Uzun yıllar ABD’de ikamet eden emekli General Halife Haftar’ın 2014 yılı Şubat ayında MGK’ya karşı başlattığı darbe girişimi, aynı yılın Temmuz ayında gerçekleşen seçimlerle iş başına gelen Temsilciler Meclisi’nin desteğini almıştır. Böylece MGK içinde başlayan siyasal kutuplaşma, iki farklı parlamento etrafında örgütlenmiş rakip meşruiyet iddialarına evrilmiştir. Siyasi rekabetin silahlı çatışma üzerinden ifade edildiği ülkede istikrarın temini için Birleşmiş Milletler öncülüğünde başlatılan barış inisiyatifi her ne kadar “Ulusal Uzlaşı Hükümeti”ni sonuç verse de taraflar içinde oluşan alt çıkar grupları Uzlaşı Hükümetini reddetmiştir.

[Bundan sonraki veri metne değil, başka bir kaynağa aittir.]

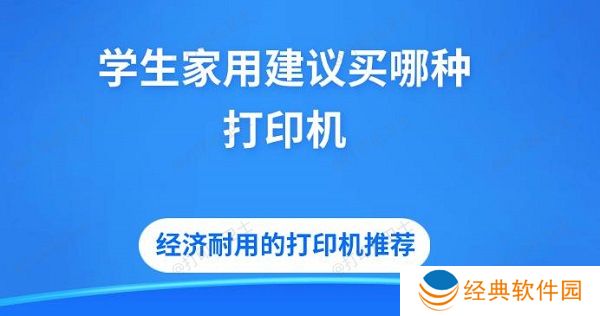 学生家用建议买哪种打印机 经济耐用的打印机推荐 学生家用建议买哪种打印机 经济耐用的打印机推荐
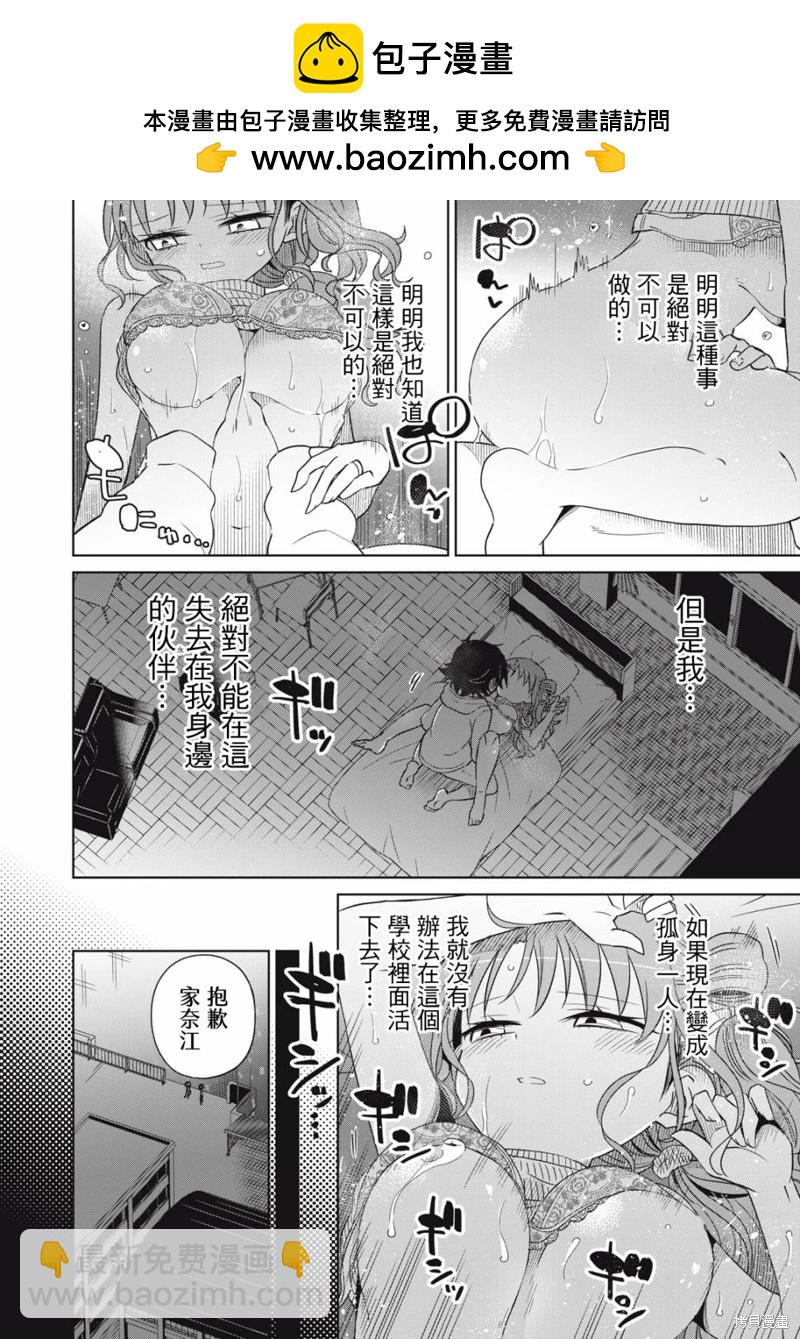 我將要支配你們的一切 - 第67話 - 2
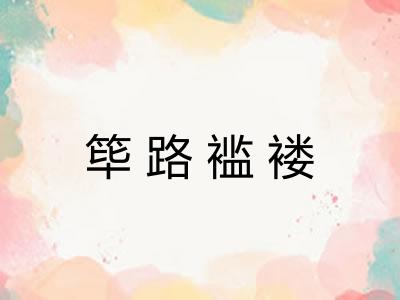 筚路褴褛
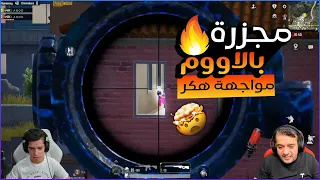 عبود يعمل عظمة بالاوم (مجزرة اسنايبر ) 🔥♥️| عبود ببجى موبيل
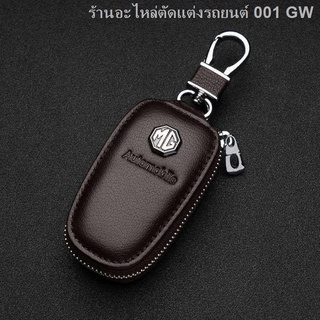 {2021 MG ZS NEW 2021}MG ZS ซองใส่กุญแจ HS/MG3/MG5/MG6/ Rui Xing GS Rui Teng ซองหนังแฟชั่นสำหรับบุรุษและสตรีทั่วไป(เครื่อ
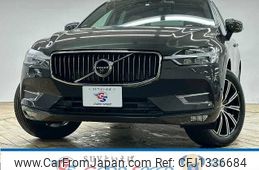 volvo xc60 2020 -VOLVO--Volvo XC60 5AA-UB420TXCM--YV1UZL1MCL1575200---VOLVO--Volvo XC60 5AA-UB420TXCM--YV1UZL1MCL1575200-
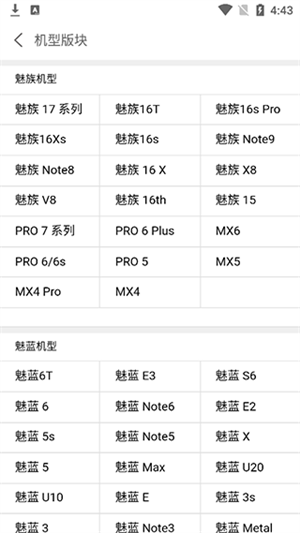 魅族社区APP使用指南3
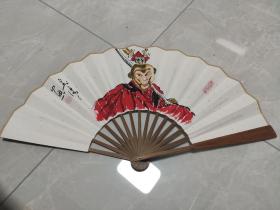 齐天大圣孙悟空  画家刘阳阳真迹画扇  终身保真！人物1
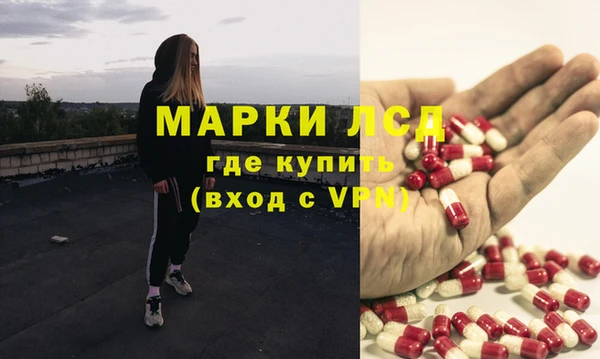 хмурый Балабаново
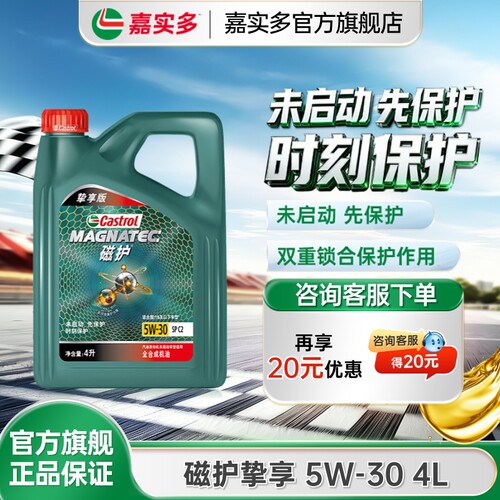 嘉实多磁护挚享机油C25W-304L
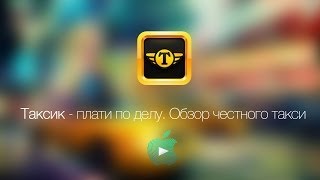 Таксик - плати по делу! Обзор самого честного такси screenshot 5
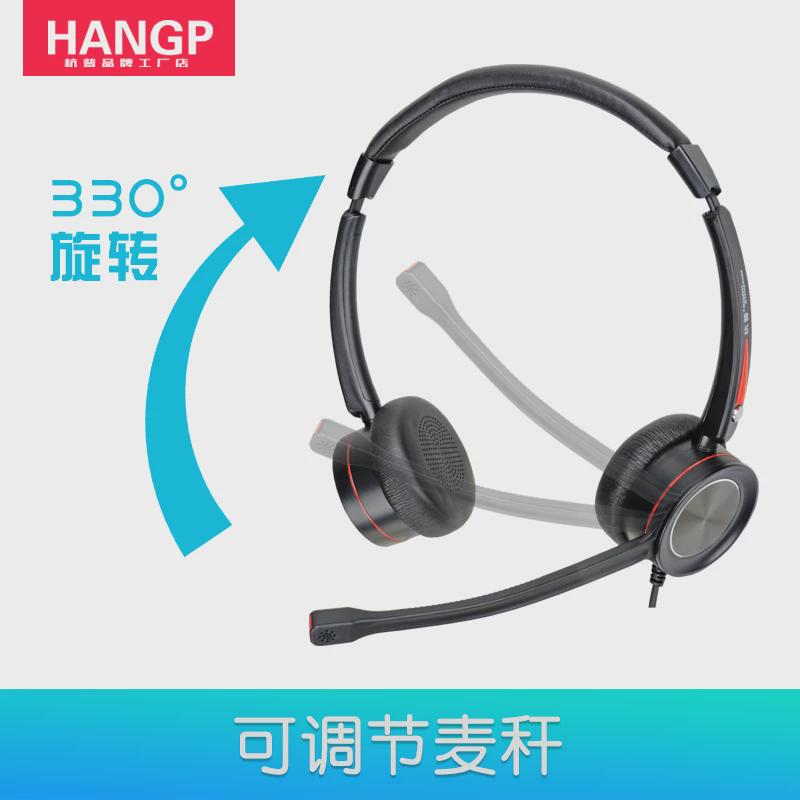 杭普Q391D 电话耳机座机云客服耳麦 话务员电脑头戴式降噪带麦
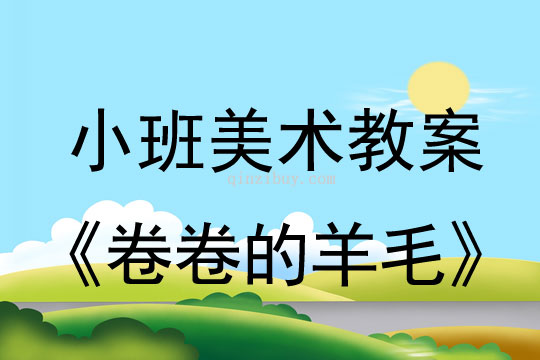 幼儿园小班添画教案：卷卷的羊毛小班添画教案：卷卷的羊毛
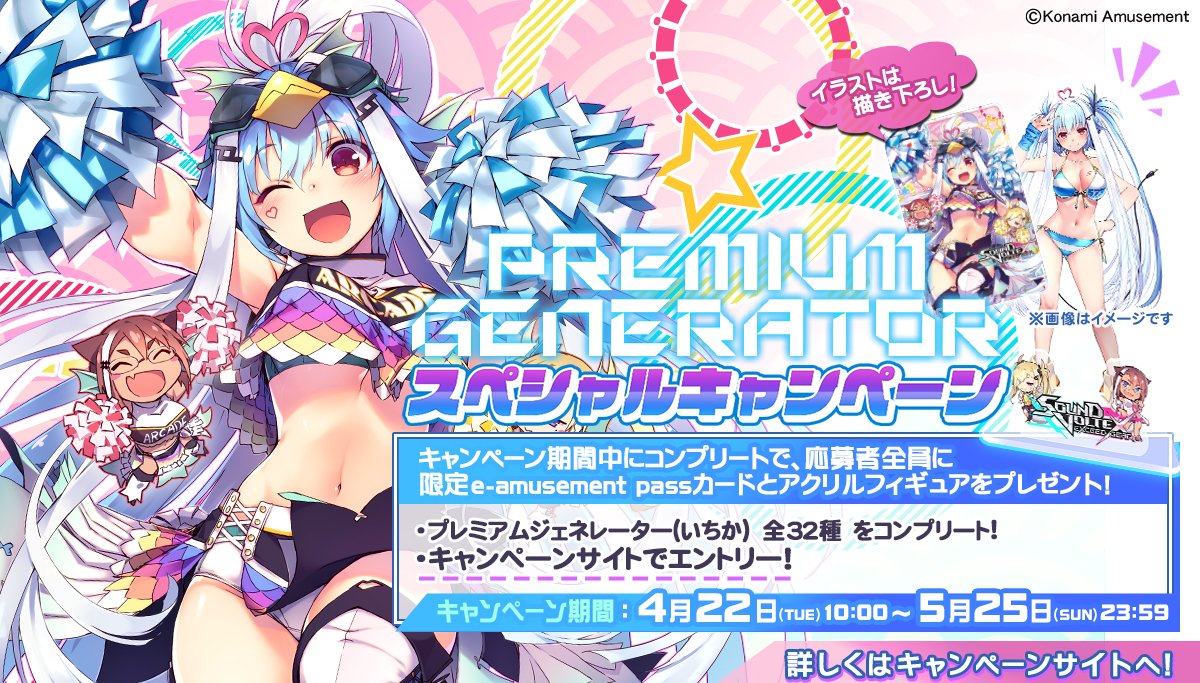 SDVX English Info (@sdvx_english) / X SDVX English Info (@sdvx_english) / X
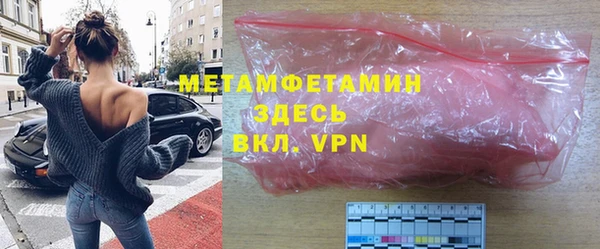 прущие крисы Аркадак
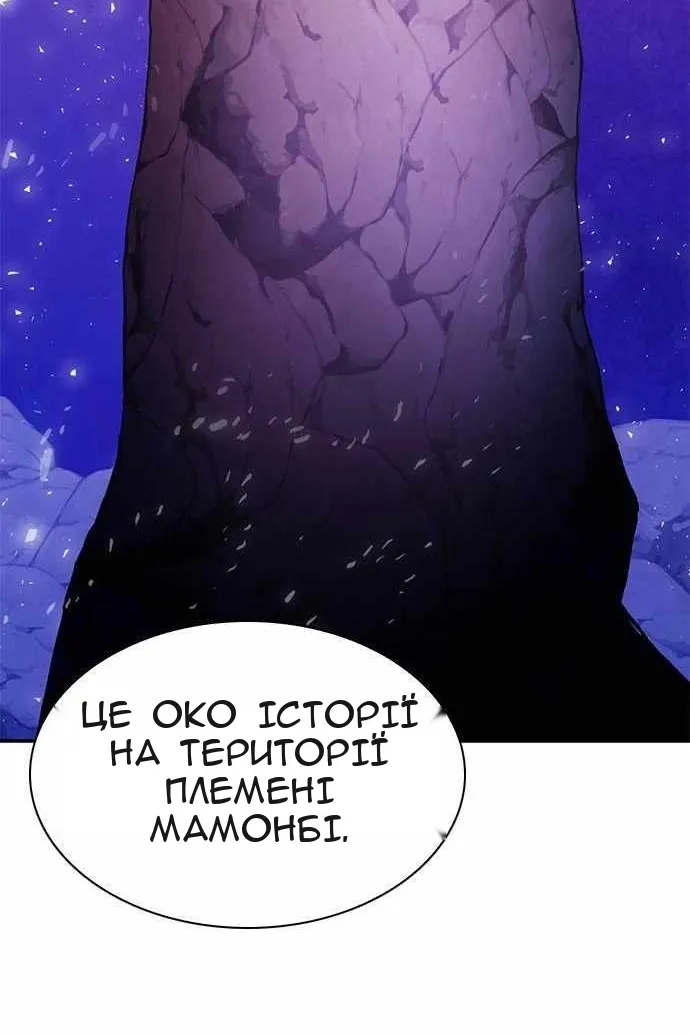 Сторінка 23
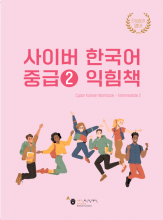 کتاب کار کره ای سایبر کرین اینترمدیت یک New Cyber Korean Intermediate 2 Workbook
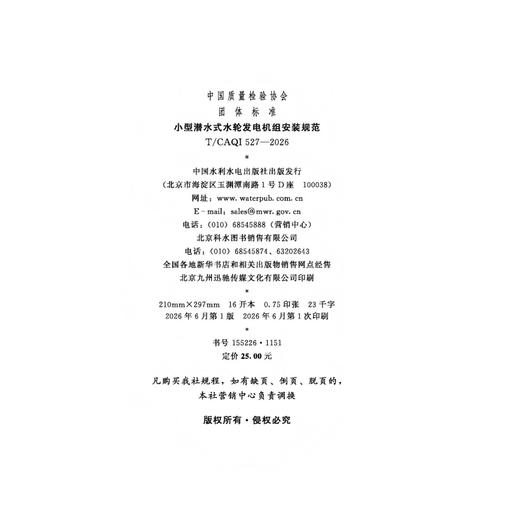 小型潜水式水轮发电机组安装规范 商品图2
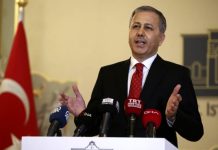 İçişleri Bakanı Yerlikaya, “Ankaragücü Kulübü Başkanı Faruk Koca hastanede tedavi görmektedir. Tedavi sonrası gözaltı işlemleri gerçekleştirilecektir.”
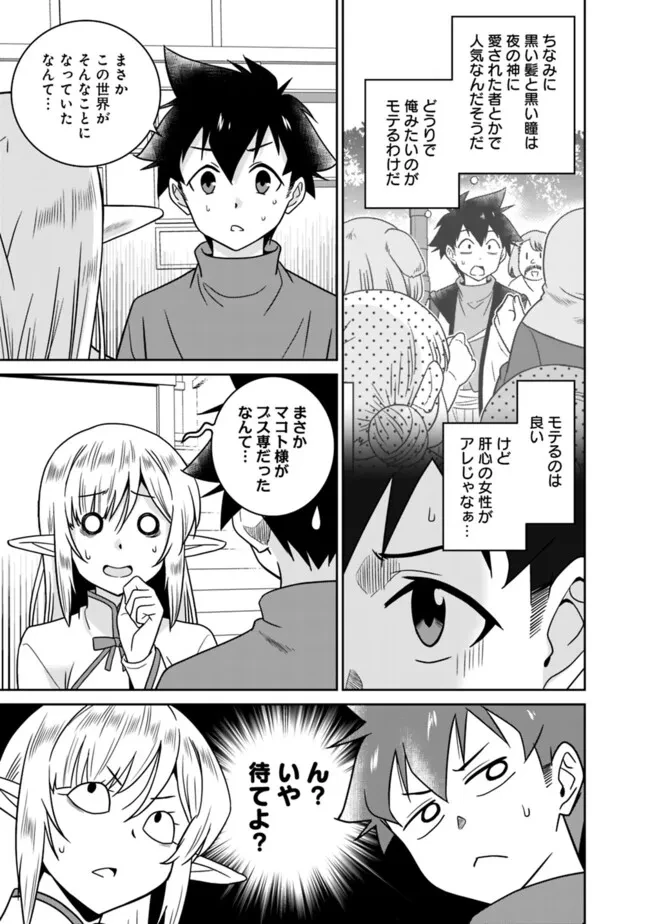 美醜逆転世界のクレリック ～美醜と貞操観念が逆転した異世界で僧侶になりました。淫欲の呪いを解くためにハーレムパーティで『儀式』します～ 第8話 - 19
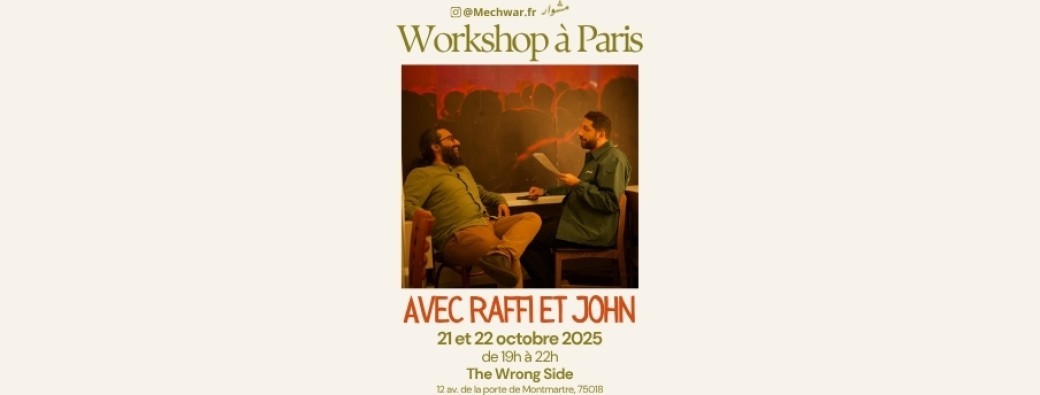 Workshop avec Raffi Feghali et John Achkar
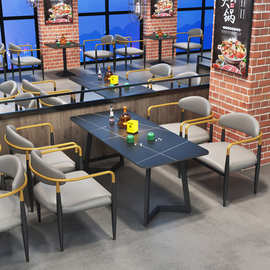 工业风餐厅咖啡店火锅烧烤店岩板餐桌椅组合清吧餐椅商用铁艺椅子
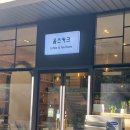 노브랜드 용인청덕점 | 용인 청덕동 카페 옴스커크 커피 후기 까페 리뷰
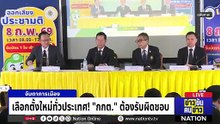 "บาร์โค้ด" ตรวจสอบย้อนหลังได้ถือว่า "ไม่ลับ" | ข่าวข้นคนข่าว | 18 ส.ค. 68 | PART 2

Türkçe literatürde Libya’da gerçekleşen devrime ilişkin kısıtlı sayıda çalışma olmakla birlikte, MGK sonrası ve Halife Haftar’ın darbe girişimine ilişkin fazla çalışma bulunmamaktadır. Bu analizde Halife Haftar’ın darbe girişimine giden süreçte MGK içindeki siyasal kutuplaşmalar ve bunların bürokratik ve milis kadrolarla nasıl iç içe geçtiği ele alınacaktır. Rakip bir meşruiyet merkezi olarak Temsilciler Meclisi’nin oluşumu ve Halife Haftar ile ilişkileri değerlendirilecektir. Bölgesel dengelerin Libya siyasetine etkisi ve Birleşmiş Milletler’in Libya’da çatışan tarafları uzlaştırmak için başlattığı barış süreci irdelenecektir. BM heyetinin sunduğu siyasi çözüm taslağı ayrıntılı bir şekilde tartışılarak bu taslak üzerine oturan Ulusal Uzlaşı Hükümetinin Libya siyasi dengeleri içinde neye tekabül ettiği söz konusu edilecektir..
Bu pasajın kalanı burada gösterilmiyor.